Machine learning can help energy suppliers better identify faulty or compromised components in power grids. A research project led by the Massachusetts Institute of Technology describes a technique that allows modeling complex interconnected systems consisting of many variables whose values change over time. By matching connections in these so-called multiple time series, the Bayesian network can learn to identify anomalies in the data.
The state of the power grid can be made up of a variety of data points, including the magnitude, frequency and angle of the voltage in the entire network, as well as the current. Anomaly detection depends on identifying abnormal data points that can be caused by things like cable breakage or insulation damage.
“In the case of the electric grid, people tried to collect data using statistics, and then determine the detection rules with knowledge of the subject area. For example, if the voltage rises by a certain percentage, the network operator should be warned. Such systems, even enhanced by statistical data analysis, require a lot of work and experience. We can automate this process, as well as extract patterns from data using advanced machine learning methods,” the experts explained.

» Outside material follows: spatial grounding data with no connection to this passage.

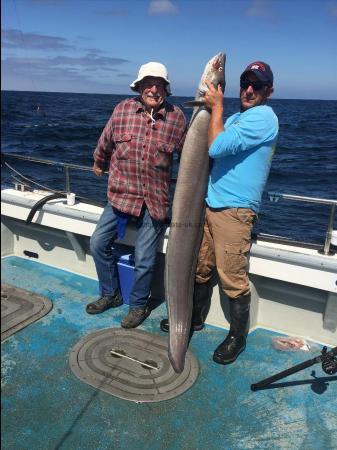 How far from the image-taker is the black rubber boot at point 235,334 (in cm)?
382

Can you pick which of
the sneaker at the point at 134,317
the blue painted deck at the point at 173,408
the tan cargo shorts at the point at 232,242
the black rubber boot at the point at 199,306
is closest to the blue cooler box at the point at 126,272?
the sneaker at the point at 134,317

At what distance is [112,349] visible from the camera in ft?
12.7

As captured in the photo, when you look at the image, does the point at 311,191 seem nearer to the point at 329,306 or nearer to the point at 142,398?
the point at 329,306

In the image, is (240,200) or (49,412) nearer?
(49,412)

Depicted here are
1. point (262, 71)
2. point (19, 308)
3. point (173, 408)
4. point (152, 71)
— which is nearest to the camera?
point (173, 408)

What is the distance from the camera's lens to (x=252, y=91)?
3.49 m

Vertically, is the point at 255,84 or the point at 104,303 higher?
the point at 255,84

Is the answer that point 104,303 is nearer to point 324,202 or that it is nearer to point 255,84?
point 324,202

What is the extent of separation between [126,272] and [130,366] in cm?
120

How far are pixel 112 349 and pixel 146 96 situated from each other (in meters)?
2.23

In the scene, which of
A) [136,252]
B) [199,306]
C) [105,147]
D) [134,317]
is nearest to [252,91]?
[105,147]

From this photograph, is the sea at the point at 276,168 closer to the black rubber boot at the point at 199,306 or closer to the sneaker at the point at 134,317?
the black rubber boot at the point at 199,306

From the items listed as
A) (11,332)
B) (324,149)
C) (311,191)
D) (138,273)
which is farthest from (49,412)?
(324,149)

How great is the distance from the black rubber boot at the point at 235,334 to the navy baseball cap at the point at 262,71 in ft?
5.78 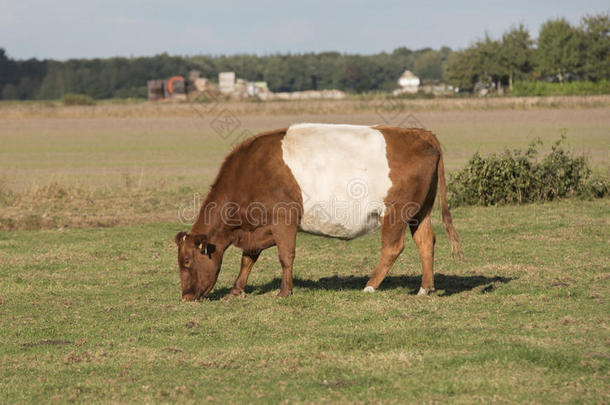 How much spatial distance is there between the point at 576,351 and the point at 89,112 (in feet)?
198

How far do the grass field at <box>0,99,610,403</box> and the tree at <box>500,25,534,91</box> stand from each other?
2770 inches

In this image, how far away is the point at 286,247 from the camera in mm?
10469

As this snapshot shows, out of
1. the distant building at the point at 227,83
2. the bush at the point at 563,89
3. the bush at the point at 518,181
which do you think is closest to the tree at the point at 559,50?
the bush at the point at 563,89

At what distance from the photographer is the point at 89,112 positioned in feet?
210

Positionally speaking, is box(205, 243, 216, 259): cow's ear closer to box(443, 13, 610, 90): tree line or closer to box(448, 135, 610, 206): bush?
box(448, 135, 610, 206): bush

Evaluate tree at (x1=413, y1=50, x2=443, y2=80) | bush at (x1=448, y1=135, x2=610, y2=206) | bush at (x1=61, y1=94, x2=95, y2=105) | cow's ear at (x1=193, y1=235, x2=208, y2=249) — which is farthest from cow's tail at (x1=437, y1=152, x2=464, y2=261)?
tree at (x1=413, y1=50, x2=443, y2=80)

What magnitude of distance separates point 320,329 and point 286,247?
1740mm

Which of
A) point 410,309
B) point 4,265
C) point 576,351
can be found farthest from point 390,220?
point 4,265

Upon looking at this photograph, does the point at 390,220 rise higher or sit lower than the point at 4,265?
higher

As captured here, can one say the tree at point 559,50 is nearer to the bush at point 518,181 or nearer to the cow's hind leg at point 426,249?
the bush at point 518,181

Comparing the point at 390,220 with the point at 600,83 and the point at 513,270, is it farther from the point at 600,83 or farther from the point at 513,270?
the point at 600,83

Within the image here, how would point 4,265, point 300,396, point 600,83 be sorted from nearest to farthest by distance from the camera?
point 300,396
point 4,265
point 600,83

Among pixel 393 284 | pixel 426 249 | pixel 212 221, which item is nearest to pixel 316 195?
pixel 212 221

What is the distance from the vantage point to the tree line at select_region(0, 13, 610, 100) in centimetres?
8331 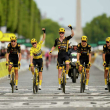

The new method uses unsupervised learning to identify abnormal results, instead of using manually created rules. When the researchers tested their model on two private datasets recording measurements of two interconnects in the United States, they revealed the superiority of the model over other machine learning methods based on neural networks.
The general method of detecting abnormal data changes can even be used to signal an alarm in the event of a power system hack.
“It can be used to detect the devaluation of the power grid failure for the purposes of cyber attacks. Since our method is essentially aimed at modeling the power grid in a normal state, it can detect anomalies regardless of the cause,” the experts noted.
According to the researchers, the model cannot indicate the exact cause of the anomalies, but it can determine which part of the power system is out of order. The model can be used to monitor the state of the power grid and can report a network failure within one minute.